PD, LA RIVOLUZIONE COPERNICANA DI LETTA
L’OBIETTIVO E’ COSTRUIRE UN PARTITO NON SUBALTERNO MA GUIDA DEL “NUOVO CENTROSINISTRA”
Una sorta di piccola rivoluzione copernicana. L’archiviazione di una stagione. L’addio agli ultimi 10 dieci anni di storia politica. E il recupero di quella che ha segnato il centrosinistra tra il 1996 e il 2008.
La prima sfida di Enrico Letta è questa: ricostruire un Pd capace di non essere subalterno, che sia anzi la guida del sistema politico e del “nuovo centrosinistra”. Che trasformi il governo Draghi in una sorta di mallevadore di un nuovo sistema dei partiti e di levatrice del nuovo centrosinistra. E che restituisca ai Dem anche il compito di indicare il futuro premier
Basta tenere presente le poche citazioni fatte nel discorso con il quale ha proposto la sua candidatura alla segreteria per capire la cesura effettuata con il recente passato.
Oltre al governo Draghi, ha fatto riferimento per due volte a Romano Prodi, poi a Nino Andreatta, quindi a Paolo Gentiloni e infine, pur senza nominarlo, a Enrico Berlinguer.

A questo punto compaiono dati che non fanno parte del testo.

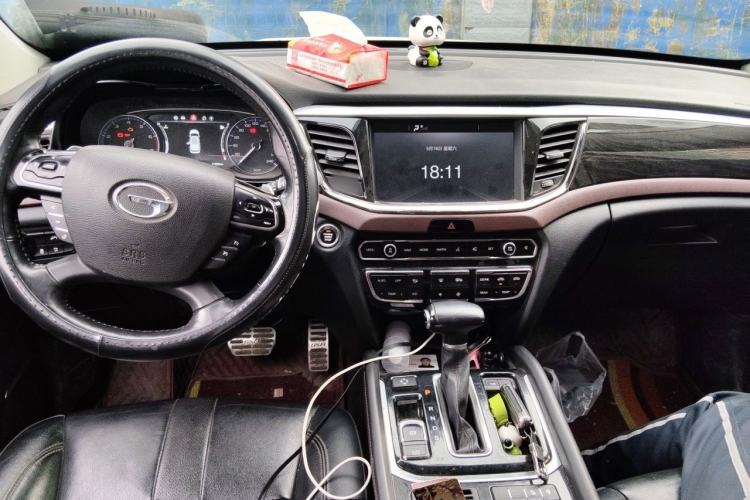Used GAC Trumpchi GS8 2017 320T Two-Wheel Drive Luxury Smart Connectivity Version (7 Seats) Center Console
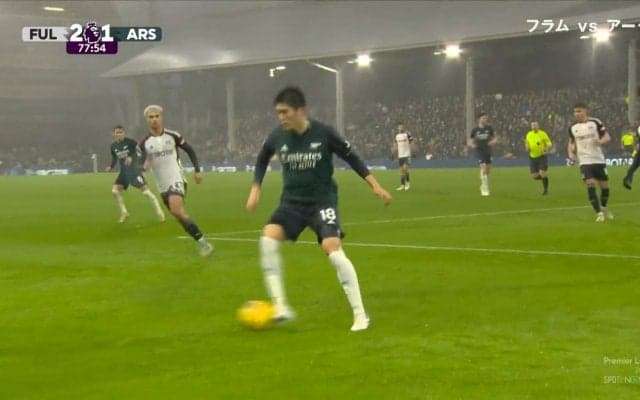 「今のはうまい！」冨安健洋、誰も予想できないノールックパスにスタジアム騒然　ゴールに背を向け意表を突いたプレーでファンを沸かせた瞬間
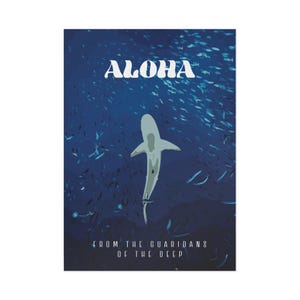 Cartolina "Armonia nella caccia" / Squalo delle Hawaii / Stampa ricordo dell'oceano / Guardiano delle profondità / Regalo di viaggio sulla vita marina / Sotto il vetro blu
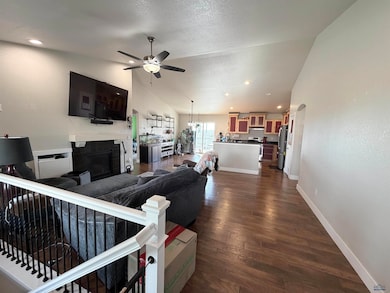 3207 Eunice Dr, Rapid City, SD 57703 - photo 2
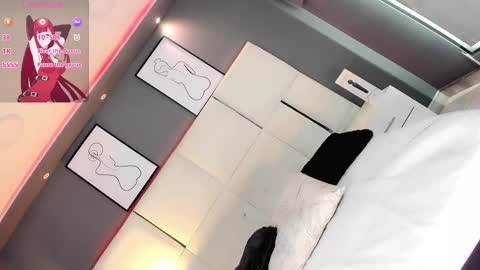 manellyksparklee online show from October 9, 1:56 pm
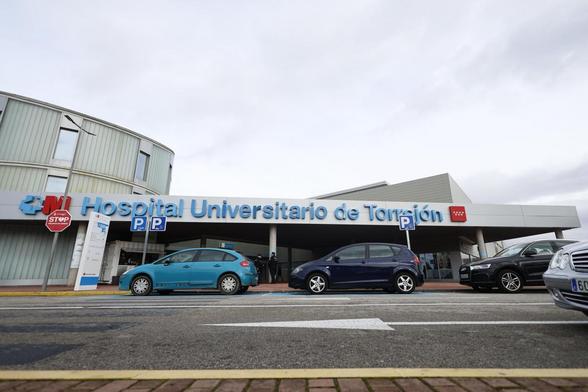 Vista de la entrada del Hospital de Torrejón de Ardoz gestionado por el grupo sanitario Ribera, el 4 de diciembre de 2025. (Rodrigo Jimenez / EFE)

Ha rammentato che le vittorie elettorali del fronte progressista sono avvenute solo con l’Ulivo, ossia con una coalizione che aveva il perno e il motore nel Partito Democratico. Ha così aperto di fatto la competizione dentro e fuori il centrosinistra. All’interno perchè spiega che il rapporto con il M5S non sarà e non potrà essere ancillare. Anzi, ha sottolineato che mentre la natura del Pd – seppure opacizzata nelle ultime due legislature – è comunque presente, quella dei grillini è tutta da definire.
Il rapporto con Conte, ossia con il capo del Movimento 5Stelle, sarà inevitabile ma competitivo, non rassegnato. Da alleati. E soprattutto con rapporti di forza invertiti rispetto a quelli presenti attualmente in Parlamento.

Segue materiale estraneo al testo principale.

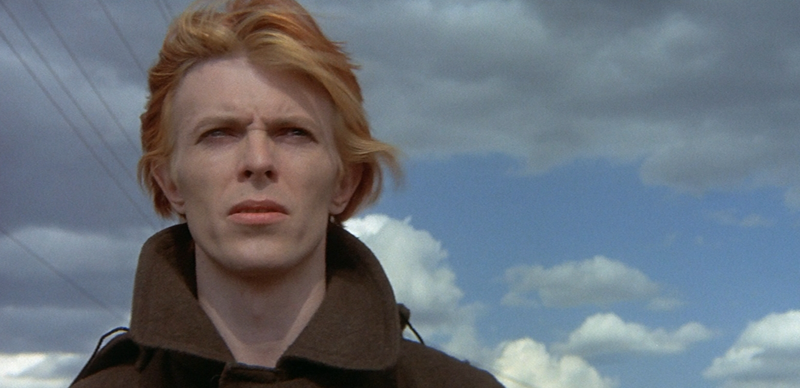 David Bowie has left the Planet. Von Christian Erdmann. Bild: David Bowie in "The Man Who Fell To Earth" ("Der Mann, der vom Himmel fiel"), Regie Nicolas Roeg.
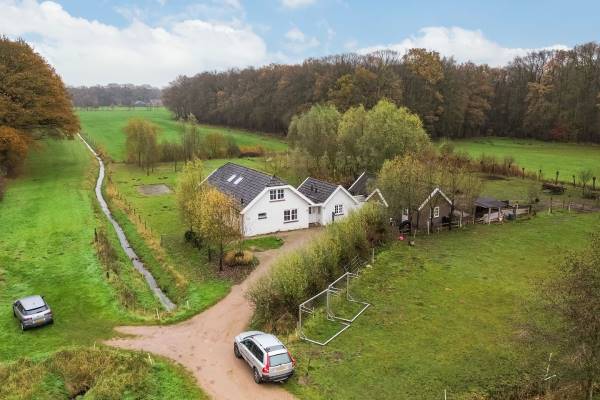 Bedrijfsruimte Hoevesteeg 34 Tonden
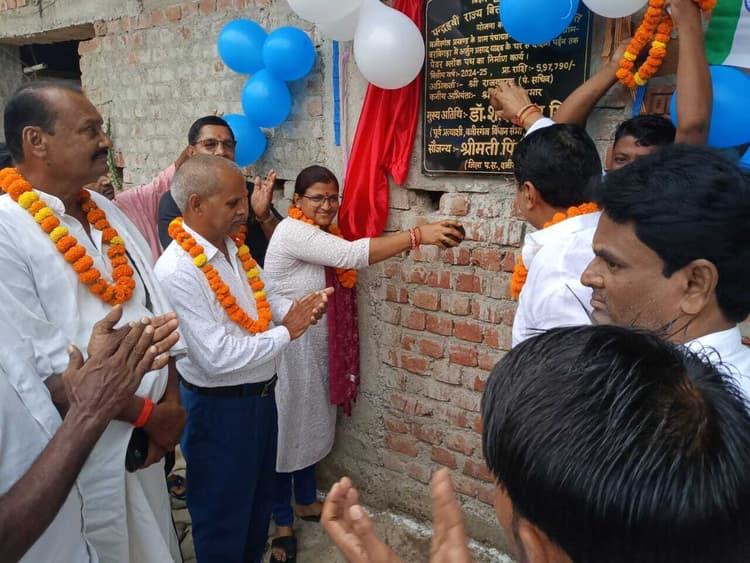 वजीरगंज में जिला पार्षद की कई योजनाओं का हुआ उद्घाटन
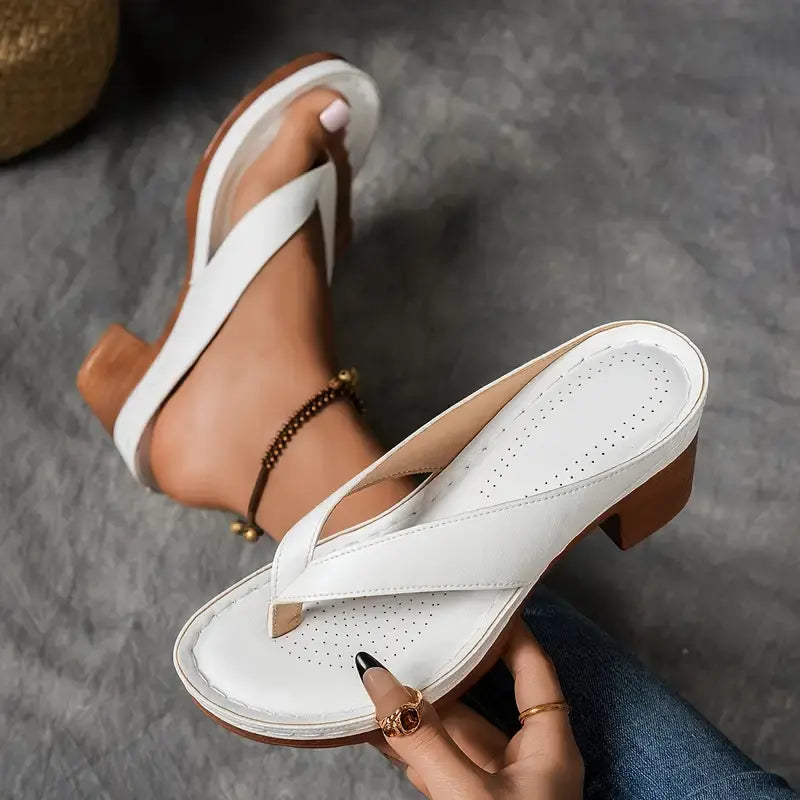 Elara – Sandalias de tacón medio elegantes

Anche il richiamo all’applicazione dell’articolo 49 della Costituzione (l’atttività dei partiti si deve svolgere “con metodo democratico”), va interpretato come uno schiaffo ai pentastellati. In questo quadro il segretario dem cambia anche la prospettiva del suo incarico e ritorna ad essere anche un candidato premier. La gara con Conte e i grillini riguarda anche questo aspetto.
Due ex presidenti del Consiglio con le carte per riproporsi per quel ruolo. E si contendono pure il compito del “federatore” che ora non è più solo nelle mani del professore fiorentino.
Lo schema preparatorio assomiglia molto a quello che lo ha visto protagonista negli anni ’90. L’esecutivo in carica, nella sua idea ricopre allora il ruolo avuto da quello di Ciampi dal ’93 al ’94. Come allora Letta non intende lasciare l’ex presidente della Bce nelle mani del centrodestra. “Draghi è il nostro governo, non della Lega”. Proprio come in quegli anni la scelta europeista del centrosinistra si contrapponeva alle perplessità del centrodestra, adesso rivendica la linea comunitaria contro la conversione poco credibile di Salvini al progetto dell’Ue.
Naturalmente l’obiettivo finale sono le prossime elezioni politiche. La battaglia con la destra di Salvini e Meloni. E arrivare a quella data senza la rassegnazione della sconfitta. Per questo ha proposto un nuovo impianto culturale.
Che non riguarda, come doveroso, solo l’adeguamento della forma-partito alle nuove tecnologie, ma anche il recupero di alcune funzioni e precondizioni. A cominciare dalla competenza. Le parole “corpi intermedi” erano scomparse dal lessico della politica italiana. E con ogni probabilità questa assenza aveva fatto subire una torsione alla nostra democrazia che lo stesso Letta definisce “malata”.
Di certo rappresenta, il cestinamento del concetto di “disintermediazione” – a cominciare dal rapporto con i sindacati – che si era presentata negli ultimi anni come stella polare di tutti i populismi. Questo punto di vista può essere letto anche come il superamento del “renzismo” con il quale il nuovo leader dem ha sicuramente un conto ancora aperto.
Ovviamente tutto questo passa dalla definizione di un “nuovo Pd”. Il suo partito, in effetti, si era trasformato in un insieme di correnti che non si distinguevano per la produzione ideale ma per la spartizione del potere. Letta ne è consapevole e sa che questa deriva è stata giustificata dal ruolo di equilibratore istituzionale assunto dal Pd negli ultimi anni. Dinanzi ai radicalismi irresponsabili di M5S e Lega, i Dem si presentavano come gli unici garanti di una certa normalità . Una situazione che si è trasformata lentamente ma inesorabilmente in un alibi.
Ma uno dei test più importanti per capire come sarà il Pd di Letta, sarà la legge elettorale. Il neo segretario ha accennato alla riforma, ma ora deve decidere se il suo progetto sia o meno compatibile con un sistema proporzionale. I precedenti di vittoria citati sono stati raggiunti nel contesto del maggioritario.